(Exercise prompt): In the records below, locate the line containing "TK Lighting LAVA"; output that line and every following line through the last, exactly.

(Listed records):
• • • • • • •

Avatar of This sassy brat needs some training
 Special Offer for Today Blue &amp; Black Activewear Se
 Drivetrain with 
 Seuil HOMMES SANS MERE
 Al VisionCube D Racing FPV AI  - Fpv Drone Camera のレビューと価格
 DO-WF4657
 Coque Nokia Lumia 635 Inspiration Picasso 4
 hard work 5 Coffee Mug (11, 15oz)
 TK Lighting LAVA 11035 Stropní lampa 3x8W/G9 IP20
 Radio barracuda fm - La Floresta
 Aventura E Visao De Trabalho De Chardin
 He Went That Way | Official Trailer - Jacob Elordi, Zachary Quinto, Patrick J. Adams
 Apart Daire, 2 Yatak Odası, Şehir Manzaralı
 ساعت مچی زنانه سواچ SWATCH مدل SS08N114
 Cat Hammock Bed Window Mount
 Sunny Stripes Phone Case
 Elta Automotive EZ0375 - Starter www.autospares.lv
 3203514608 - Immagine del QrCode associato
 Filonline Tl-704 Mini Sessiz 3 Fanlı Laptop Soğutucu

• • • • • • •

(Task answer):
 TK Lighting LAVA 11035 Stropní lampa 3x8W/G9 IP20
 Radio barracuda fm - La Floresta
 Aventura E Visao De Trabalho De Chardin
 He Went That Way | Official Trailer - Jacob Elordi, Zachary Quinto, Patrick J. Adams
 Apart Daire, 2 Yatak Odası, Şehir Manzaralı
 ساعت مچی زنانه سواچ SWATCH مدل SS08N114
 Cat Hammock Bed Window Mount
 Sunny Stripes Phone Case
 Elta Automotive EZ0375 - Starter www.autospares.lv
 3203514608 - Immagine del QrCode associato
 Filonline Tl-704 Mini Sessiz 3 Fanlı Laptop Soğutucu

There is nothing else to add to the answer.